Isaac Moffett, founder and operations director at the Nampa Classical Academy, a publicly funded charter school that opens in the fall, did not like school. While studying education at several colleges, including the College of Southern Idaho and Boise State, Moffett revolted against the major educational philosophies of the day.
"While there, I did not agree, or believe, what was being taught to me as an education student," Moffett said. "I did not agree with it, first as a parent, second as a human being."
Moffett bemoaned the works of secular progressives and atheists like John Dewey, Jean Piaget, Lawrence Kohlberg and Howard Gardner that are taught at teacher colleges.
So he moved to Nampa and started a public charter school to fit his worldview.
"We're not a liberal school, we're not ... liberal may be too strong of a word, we are a conservative school, and I think people confuse that with religious," Moffett said.
Nampa Classical will teach Latin and Western classics, including the Bible. The school will not teach "certain sex ed," will eschew anti-American rhetoric and troop bashing and will impart the "good of America, the good of Western civilization," Moffett said.
Teachers will also discuss where America has failed to live up to its principles, he allowed, without being "presentist," or judging earlier epochs with modern values.
"In its proper context, the kids will learn about Native Americans," said Moffett, who will teach American history and geography. "If we're talking about westward expansion ... you can't understand why they were conquered so easily without understanding their culture."

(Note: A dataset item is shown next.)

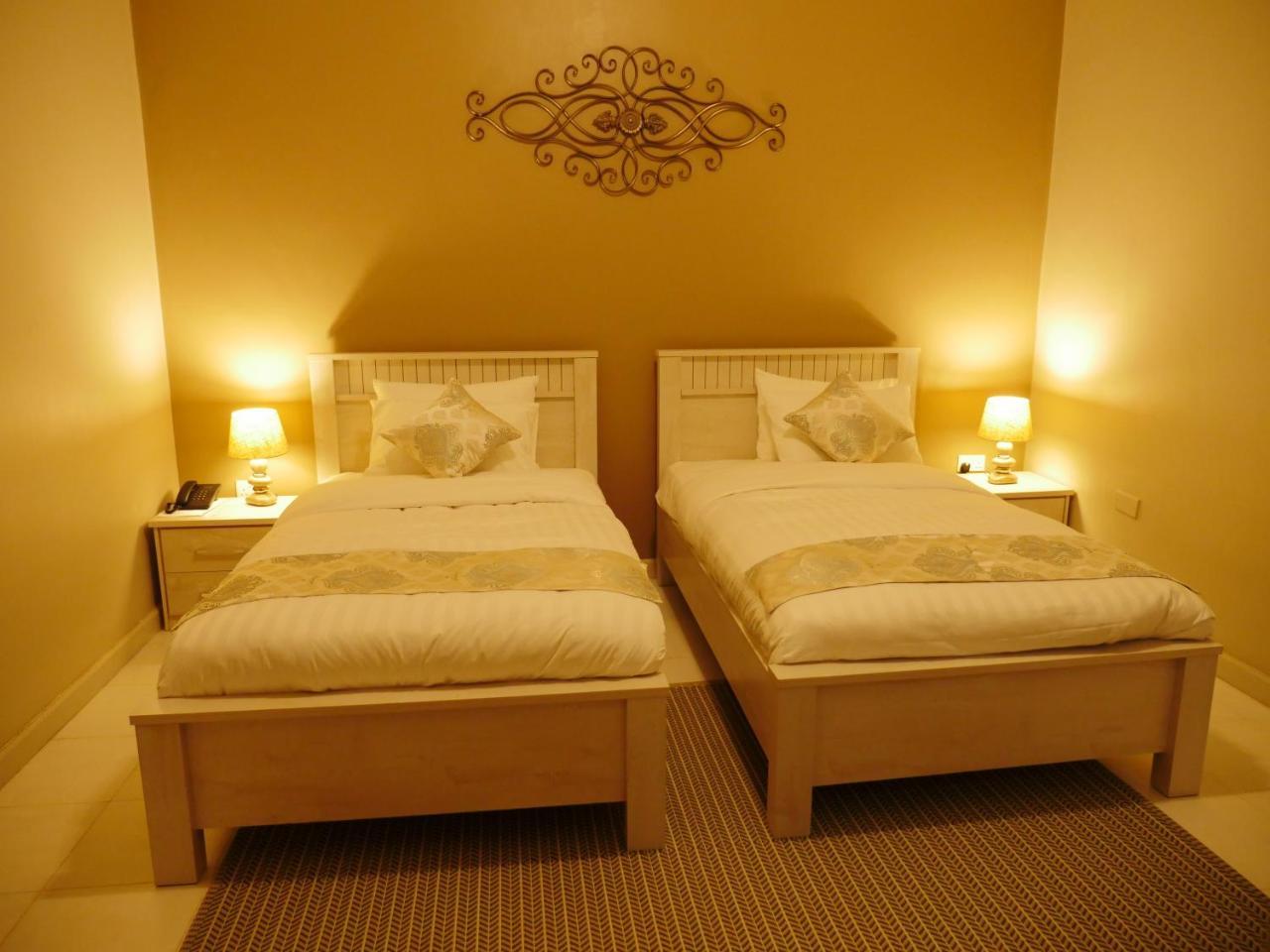 Ivory Castle Limited Hotel Kampala Bagian luar foto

Christopher Columbus will not be judged for introducing disease to the New World.
"In reality, he didn't do anything, it was a natural consequence of biology," Moffett said.
The academy borrows much of its curriculum from Hillsdale Academy, a private Christian prep school in Michigan, which is located on the campus of Hillsdale College, home of the William F. Buckley Jr. archives. But Moffett is modifying the curriculum to make it appropriate for public schools.
"Some of the books are too devotional, if you will, so we're not going to use that particular one," Moffett said of Hillsdale's reading list.
Moffett recommends that teachers and parents read the book Classical Education: The Movement Sweeping America published by Capital Research Center, a conservative think tank.
The book was written by Gene Edward Veith, provost at Patrick Henry College and author of some 20 books on engaging society with Christianity, and Andrew Kern, who once worked at Boise's Foundations Academy Christian School and now runs the Circe Institute, a Christian classical education consultancy based in North Carolina.
Kern was back in Boise last month to train the Nampa Classical Academy staff. It was the first public school that Circe, which identifies itself as a ministry, has been involved with.
According to Moffett, the Christian classical school movement started in the 1980s in Moscow, Idaho, with the Christ Church-affiliated Logos School. The Association of Classical and Christian Schools is also located in Moscow and Moffett has met with that group, but Nampa Classical is not a member.
Moffett said his school is not of the Christian classical variety, but a hybrid of the moral and democratic schools of classical education.
"There's just things we can't do because of being a public school," Moffett said. "Let's put it this way: you can still get a spanking at that school [Logos], which I'm not opposed to one iota. They are Christ-centered. We take a little different approach to that. Our version and their version is almost incompatible because of the God issue."